I would recommend focusing on the first scenario, as most people aren't as one with Mother Earth enough so as to be okay with the idea of an army of spiders massing in their HVAC ducts while plotting their conquest of mankind.

This wasn't helpful was it?

But it's just a thought, in case they don't find anything and nobody believes you and they tell you that you are imagining things or that you are crazy...
You are not...
Trust me, there are tests and a review board and you have to be licensed and every year you have get recertified and the license requirements keep changing... It's a real hassle.

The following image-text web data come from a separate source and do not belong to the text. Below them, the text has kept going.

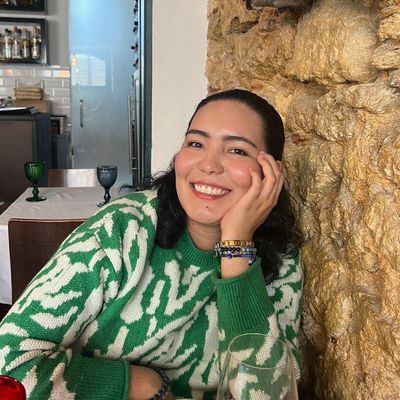 Cristina, 30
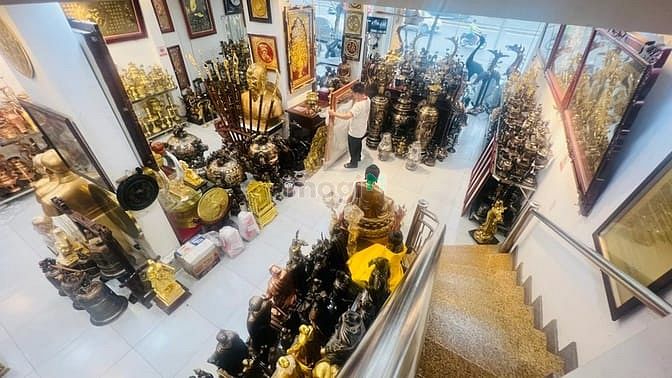 Hình ảnh Bán nhà 140m2 mặt phố Định Công, mặt tiền 8m, giá 42 tỷ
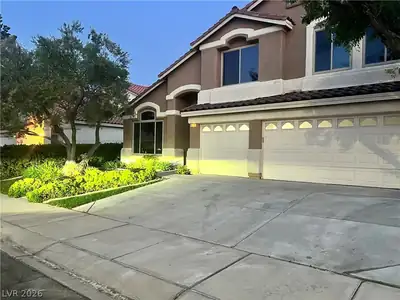 8225 Woodland Prairie Avenue, Las Vegas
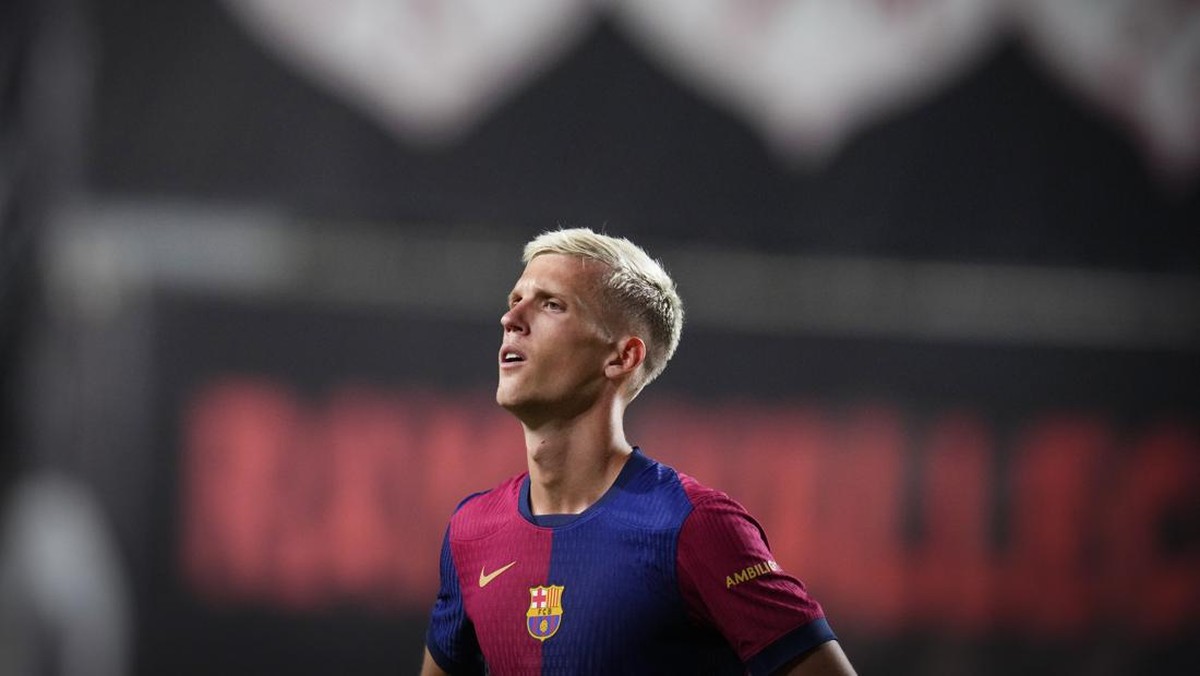 Dani Olmo masih terancam tak bisa didaftarkan Barcelona. (Foto: AP/Manu Fernandez)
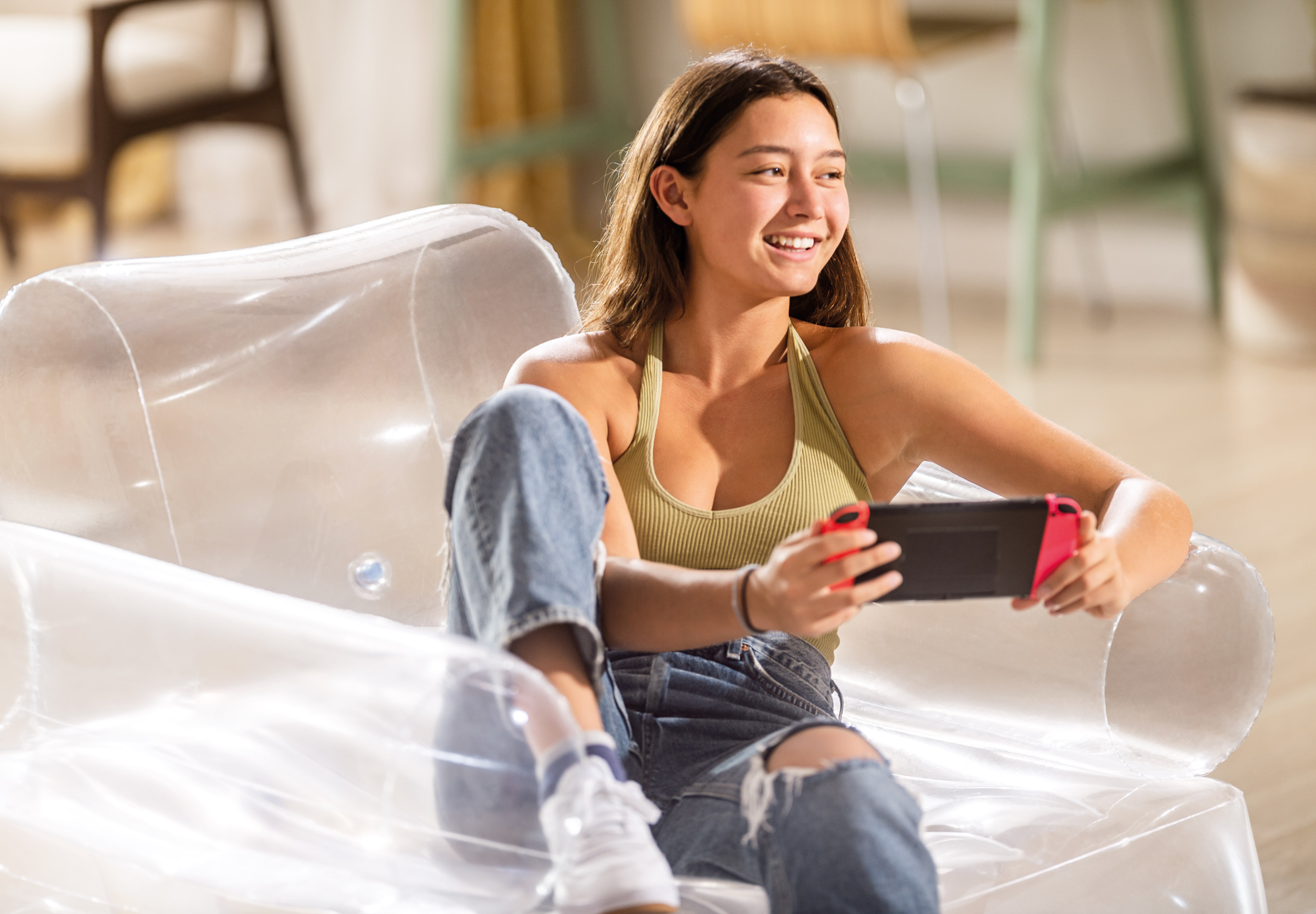Intex Transparent Inflatable Armchair 66502 - Image 3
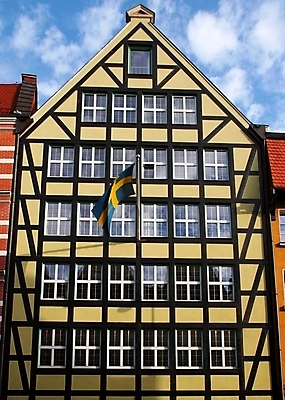 포토 JPG 해외이미지 전통 유럽 건축양식 창문 관계 벽돌 북유럽 스웨덴 사람없음 파란색 컬러풀 노란색 여행객 검은색 흰색 도시 역사 광택 타운 직사각형 동유럽 폴란드 비자 스칸디나비아 옛날 포메라니안 해외202004 해외포토 도형 건축 나라 컬러 사람 개 파일형식 이미지허브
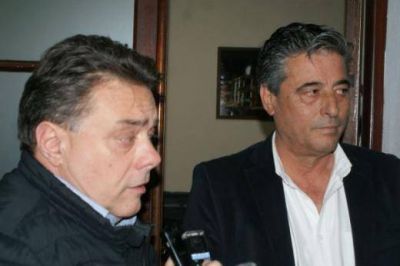Efra�n Marro declin� su candidatura a intendente y apoya a Jorge Etcheverry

Anyway good luck with the buzzing... Hopefully they are able to stop it...
If it turns out to be the ghost of a bee that died in the duct and it won't go away, look into getting a few Priest Beetles, they are pretty good at exorcisms, but they are hard to find...

Either way good luck.
 

Lyne

Distinguished
HW Honey Bear
Anyway good luck with the buzzing... Hopefully they are able to stop it...
If it turns out to be the ghost of a bee that died in the duct and it won't go away, look into getting a few Priest Beetles, they are pretty good at exorcisms, but they are hard to find...

Either way good luck.

LOL, and thanks... still quite nervous...called the lady back to make sure I told her my home is a TWO story house...she said yes, that's why I'm sending two techs out... it's so hard to wait... ! Trying to distract myself...reassure myself...my AC guy changed filters end of May, no bees then... but afraid a month + is long enough to build a hive!? Read more on line...even "live bee removal sites" say in some instances (like mine), it's better to call an exterminator... BUT they said after the first kill visit they'd have to come back for the hive/pupa kill?!? and it said NOT to leave the "dead" hive/wax/honey, cause it could rot and smell...so I'm armed with more knowledge and "?" to ask the guys coming Monday...
 

JOdel

Dances with Bees
HW Honey Bear
I occasionally get a (dead) bee in my sink. They come down through the stove vent. Which I sincerely doubt has ever been cleaned. The building is 86 years old. I think the soot poisons them. Not altogether sure why they always end up in the sink.
 

Lyne

Distinguished
HW Honey Bear
Soooo.... OF COURSE the sound would stop when the pest control guy got here!?! Actually it had gone quiet again over the weekend... I felt like a ditz... BUT am vastly relieved that there is NO hive or bees in my attic!!! (since I HAD had a queen & workers get in and start one a few years ago)... this guy & I agreed, IF the noise comes back, I'm to call my AC guys next....but now I have to chalk it up to "gremlins" I guess... ( I DO still think a single -dumb- bee had gotten itself stuck in there somehow... oh and NEXT filter change, I'll tell my AC guy to look hard for anything inside there...
 

eclark1894

Visionary
Soooo.... OF COURSE the sound would stop when the pest control guy got here!?! Actually it had gone quiet again over the weekend... I felt like a ditz... BUT am vastly relieved that there is NO hive or bees in my attic!!! (since I HAD had a queen & workers get in and start one a few years ago)... this guy & I agreed, IF the noise comes back, I'm to call my AC guys next....but now I have to chalk it up to "gremlins" I guess... ( I DO still think a single -dumb- bee had gotten itself stuck in there somehow... oh and NEXT filter change, I'll tell my AC guy to look hard for anything inside there...
That's how ghosts are, Lyne. They really active as long as you're home alone by yourself. But the moment you bring the ghostbusters, they go dormant.